Friday, 17 September 2010

Whoever Fights Monsters by Robert Ressler

This is an old favourite and a guilty pleasure.

FBI agent Robert Ressler coined the term "serial killer" back in the mid 70s. It's one of those phrases you'd imagine has been round forever, but before that they were called "stranger killings." The new terminology recognised that someone was killing in the same way again and again. He also notes in retrospect how they're similar to the old movie serials. Every one excites you, but ends in a cliffhanger. You need to watch the next one to get another kick, but you're never sated.

Ressler was also the first man who went round the prisons trying to find out what made them tick. The book starts with Richard Trenton Chase, who killed familes and drank their blood to stop Nazi UFOs turning his blood to dust. He's one archetype here - the disorganised killer. Your basic nutjob kill crazy maniac, who doesn't even bother to wipe the blood off his t-shirt.

Your second archetype therefore is the organised killer. A psychopath, but not mentally disorded. Often intelligent and charming, they plan out the hunt and hide the evidence. Much of the book's about this type, as Ressler can actually get a conversation going with these guys. Ted Bundy, John Wayne Gacy, Ed Kemper are your go-to killers here (though Ressler seems to really hate Bundy - Kemper he's pretty cool with.)

The main point here is that all serial killings are sexual, even if there's no obvious sexual element. It's all about the fantasy taking over - fantasies which start in an abusive or otherwise dysfunctional childhood. It did leave me wondering about Harold Shipman.

Ressler pioneered criminal profiling, which is clearly still a touchy subject, but there's a lot of evidence here to show how it can help in an investigation (Peter Sutcliffe for instance, though the haters never listened) without it being a magic bullet, or an alternative to actual police work.

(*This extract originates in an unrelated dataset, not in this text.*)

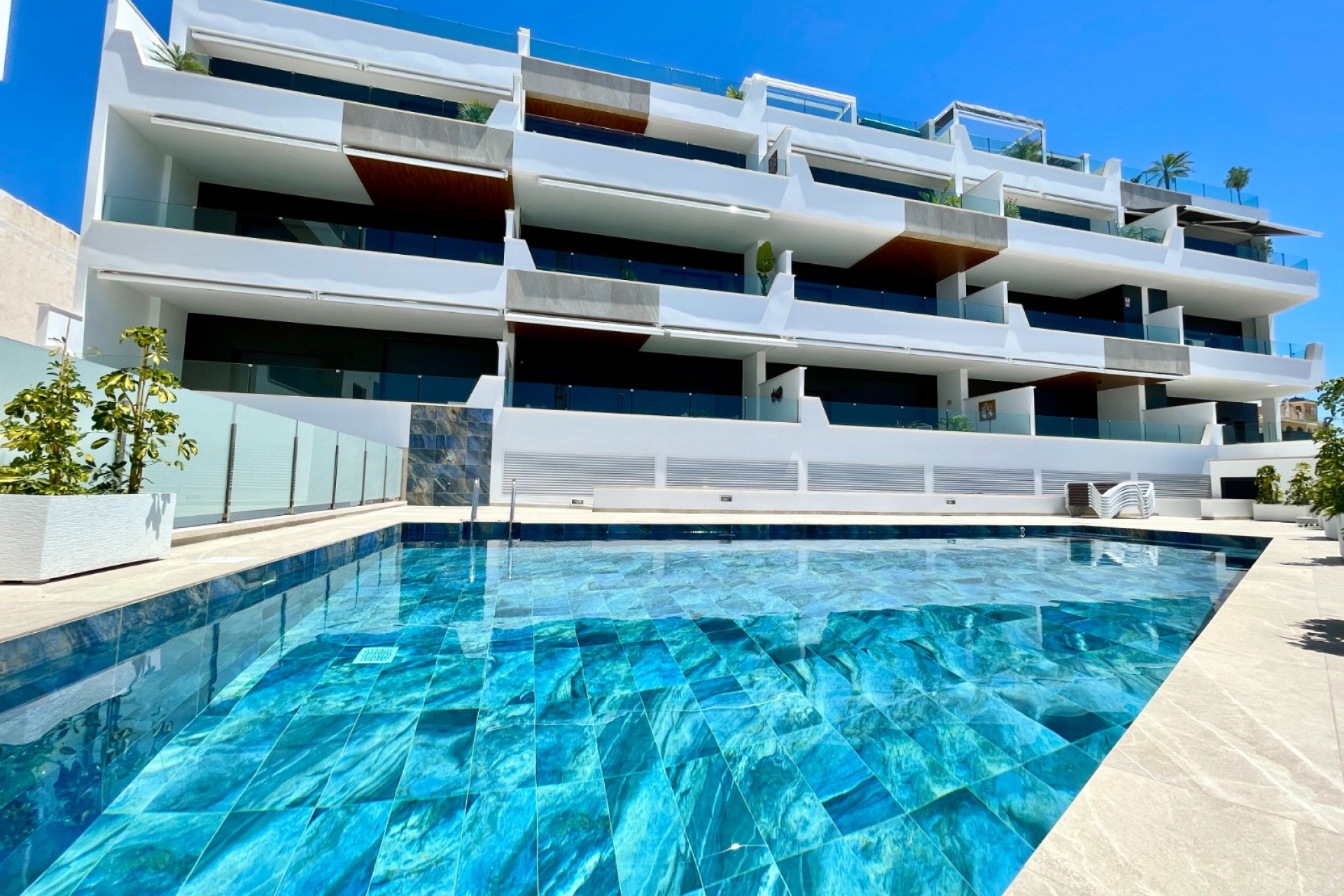 Resale - Apartment - Flat -
Benijofar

There's a lot of really interesting and horrible stuff here, but the book drags when talking about Ressler's life story or bureaucratic infighting at the FBI. Who wants to hear about a dedicated fighter of crime - a man who's actually made a difference! - when we can hear about someone who chops women's heads and hands off and has sex with their corpses. That's Edmund Kemper again. Here's Kemper's top tip by the way - cut the achilles tendons, and they're easier to position once rigor mortis kicks in.

You learn something new every day.

On the home run with my book on tape - Wolf Hall by Hillary Mantel, and I might try something a bit special tomorrow. It should only take me a few hours, but I'll need some equipment. No, not a knife.